Five years after George Mason, the CAA again represented in the national semifinals when VCU made another run. The Rams followed a similar trajectory as an at-large bid out of the CAA, catching some flak from national TV media in the process. 

Appropriate time for an aside, here: CAA teams have proven capable of exceeding expectations when given the opportunity come March. Take note, future selection committees. 

RELATED: Making The Case for Charleston in the NCAA Tournament 

Anyway, VCU's Final Four run under Shaka Smart deviated from George Mason's in a significant way: The Rams were slated for the First Four, a brand-new concept in the 2011 NCAA Tournament. VCU had to win an additional game just to get into the field of 64. 
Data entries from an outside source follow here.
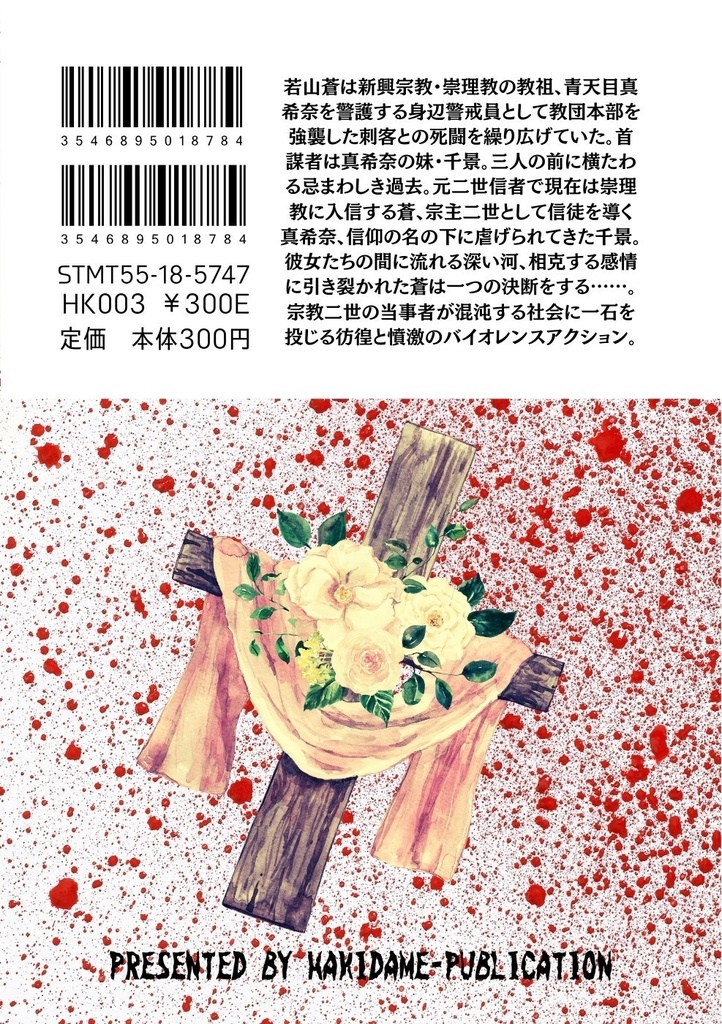 ミッドナイトブルーリベンジ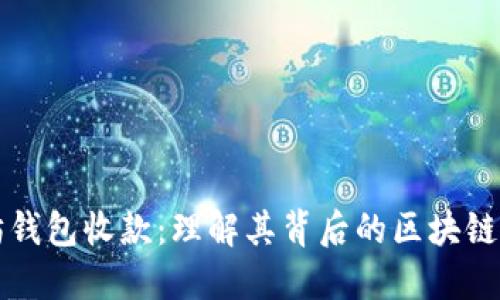 探索以太坊钱包收款：理解其背后的区块链技术及应用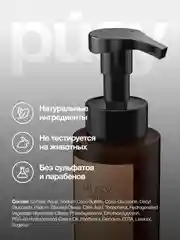 Жидкое мыло пенка для рук парфюмированное PUSY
Smart reflected on his own beliefs about the likelihood of a program from one of the outsider conferences ever winning the national championship. 

"Keith Dambrot, who I worked for at Akron, he always used to say, 'One of these days a mid-level team is going to win it all,'" Smart said at the 2011 Final Four. "I'd say, 'You're wrong, Keith, I disagree with that.' When I was an assistant coach, I knew everything, had all the answers. Keith would remind me of that. He's exactly right. When you look at the runs the people have had over the last six, eight years, it's been close. Butler was a bounce away from it last year. Who knows, maybe one of us will win it this year."

Or maybe it will be in 2023 in a Final Four featuring the coach whose CAA team began this gradual reshaping of the March Madness landscape.